## THE PROBLEM
Below are records; print only the lines from the line containing "shmi - 2025-10-06T06:58:38" to the end, both included, reproduced exactly and without the pictures.

## RECORDED DATA
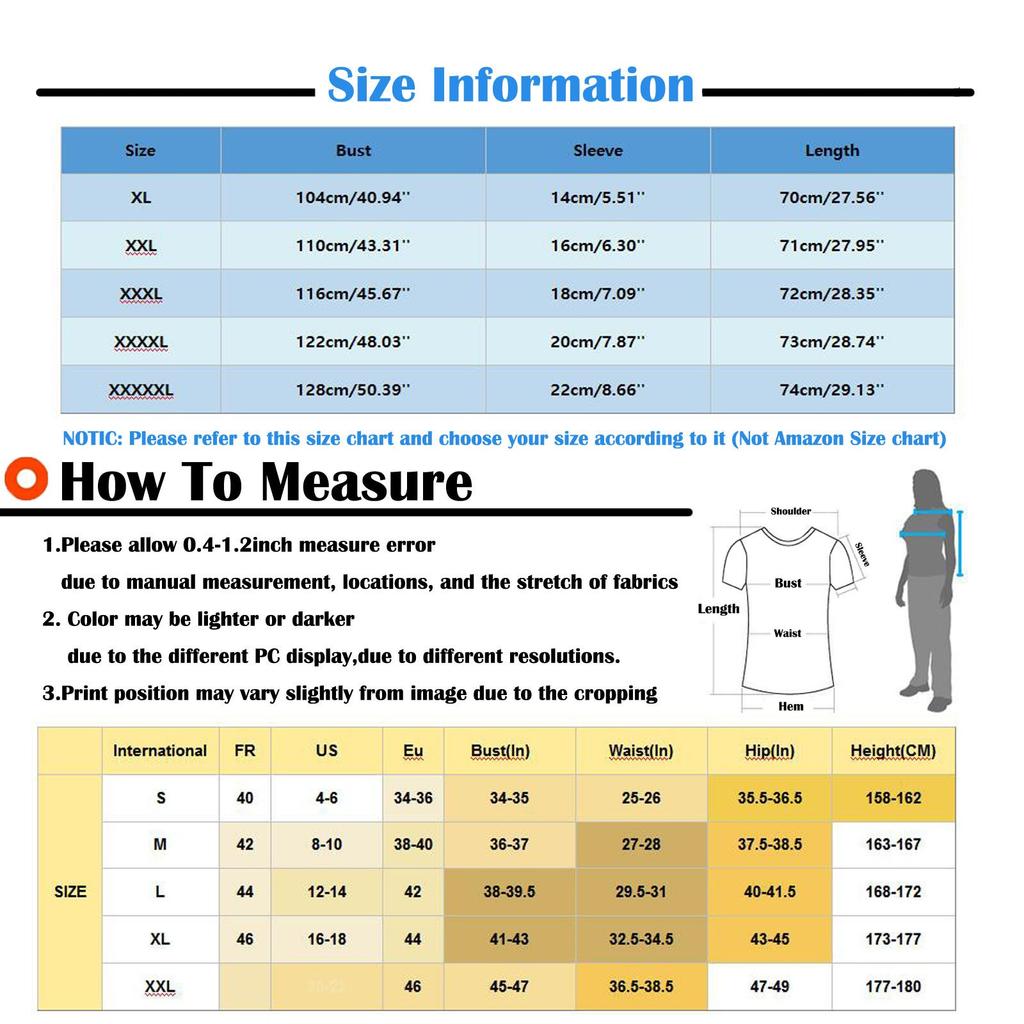 Plus Size Women Cold Shoulder Loose Casual Short Sleeve Shirt Tops Blouse Tops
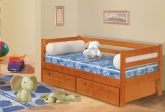 Кровать детская №4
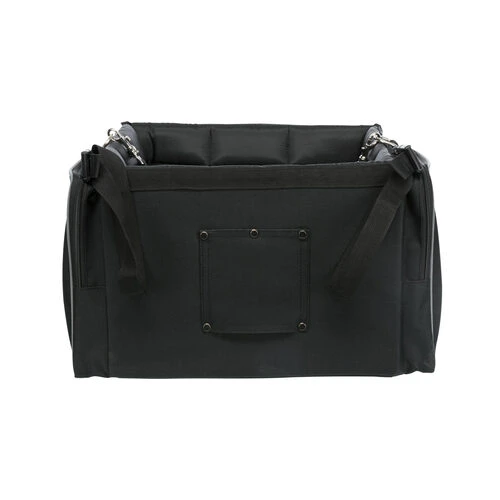 Trixie Hunde Front-Box â Bild 4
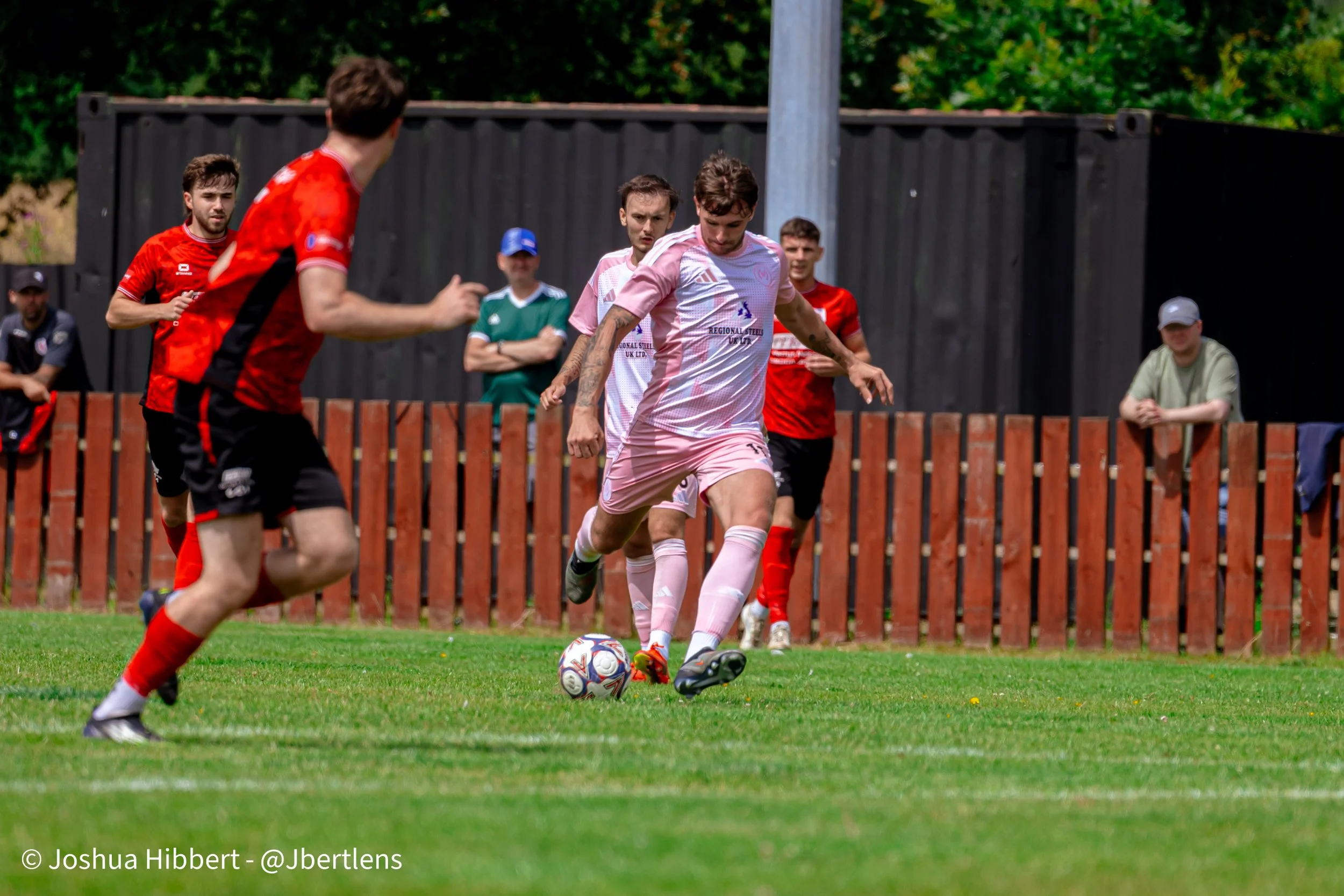 Curzon_Ashton_vs_Colne_FC_18.07.26-69.jpg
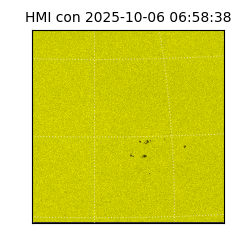 shmi - 2025-10-06T06:58:38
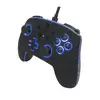 PowerA Spectra Enhanced vadu spēļu pults priekš Nintendo Switch Photo 15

## REPLY TO THE TASK
 shmi - 2025-10-06T06:58:38
 PowerA Spectra Enhanced vadu spēļu pults priekš Nintendo Switch Photo 15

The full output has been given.